From Enoch Edwards
Frankford 3 July 1801—
Since I had the favor to receive your last Letter of June 3rd., I have obtained from Jesse Bringhurst, of Germantown more particularly his prices for Coachees—they are as follows,
|1st.||a Body of a Coach, lighter & a small matter longer, the drivers Seat a Circular, thrown pritty well out—between him & within blinds or Glasses draw up—the quarter lights mock-venetian—the Doors, & the Octagon behind—real venetian & Glass.—this is the kind I have got—it is finished but little below a good Coach. neatly plated & with many conveniences—The price 650 Dollars—|
|2.||A light Body—close behind—glass doors & Octagon. with real venetian—the other Quarters contained inside & out—price 400 Doll.|
|3 —||The same kind, but instead of curtains—fixed venetians to all the Quarters—or the top fixed on with circular Irons. very light & airy—price 440 Dollars—|
Besides those he makes an inferior kind—with turned posts & curtains inside & out—very convenient for rough Journeys—or for Servants & baggage—for 300 Dollars—
Mr: Hanse I think will be able to finish your Chariot in two or three weeks, a Coachmaker is frequently dependent on the Painter for his own Punctuality, that is the Case I know at present. & Mr: Hanse lays a Claim to ten or fifteen days, on Account of delay on my part in not geting your Answer as soon as I ought. about the semicircular light behind.—he is extremely anxious to please you,—and I think he will be successful.
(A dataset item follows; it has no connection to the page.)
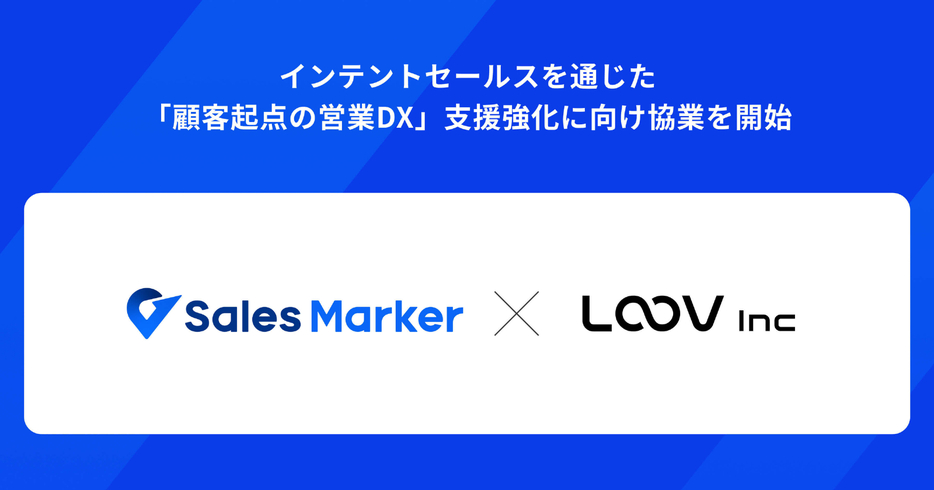 「顧客起点の営業DX」を実現するための協業を開始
I requested in my last letter but one—to know how you intended to have it sent, & whether you wished to have a riding Coat made for it—for as soon as ever it is done I should like every thing to be ready—that if you chuse it may go off next morning—that Letter also informed you of the removal of Mr: Savage to N York. I can however have the Enquiry about Mr: Adam’s Portrait made very conveniently—& you shall know the Result—
I rejoice very much at your being so pleasantly circumstanced at the federal City—on the Account of Society—every year will add to that—as well as to the Goodness of your Streets & Roads. I feel for you however in Winter as I fear in that Season you must suffer Inconvenience—but Patience & Industry will overcome every thing—Tomorrow is the Anniversary of the birth day of our independent & free Existance—I sincerely wish you may see a numerous Succession of such Days. & every possible happiness that a grateful Country can afford—I am with the utmost Respect your obedt St
RC (DLC); addressed: “Thomas Jefferson—President of the United States Washington”; franked; postmarked 4 July; endorsed by TJ as received 6 July and so recorded in SJL but as a letter dated 6 July.